Try "slowlog" command on the redis server to see if there are some "slow query".
Write some logs when "TimeoutError" happens, to see if the "error redis command" in the "slow log".
adjust your timeout setting on the client side。
It might be a problem on the client side if server performs normally. Each redis client instance, not the server, also has a timeout setting, and the default setting is very short - something like a few milliseconds.
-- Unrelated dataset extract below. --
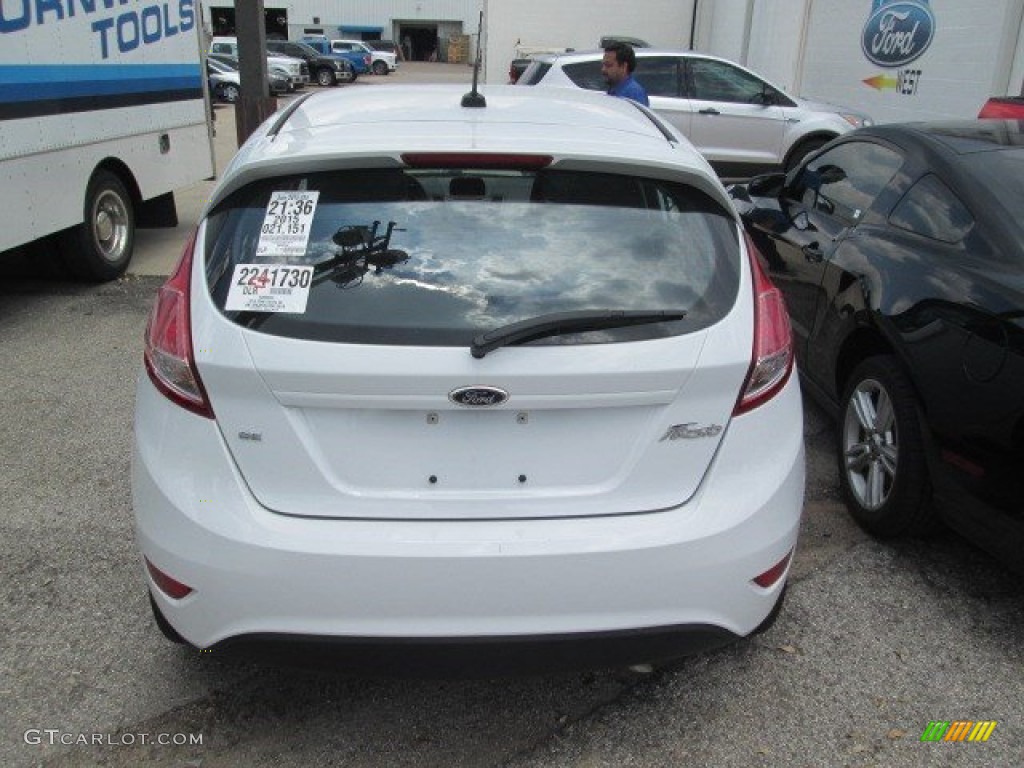2015 Fiesta SE Hatchback - Oxford White / Charcoal Black photo #6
So if the server does not respond within that time, a Redis::TimeoutError will be raised by the client.
First thing you can try is to set a longer timeout value, and see if things get better.
redis_url = 'redis://user:password#host:port/'
redis = Redis.connect(:url => redis_url, :timeout => 0.7)
Even with longer timeout setting, there is no guarantee that timeout would not happen, but then it'd be a problem of the design of your system.
Are you rolling your own code to connect to redis or just letting sidekiq handle it? I think you should really just design your connection code to reconnect if the connection has been lost. You can rescue Redis::BaseConnectionError and reconnect.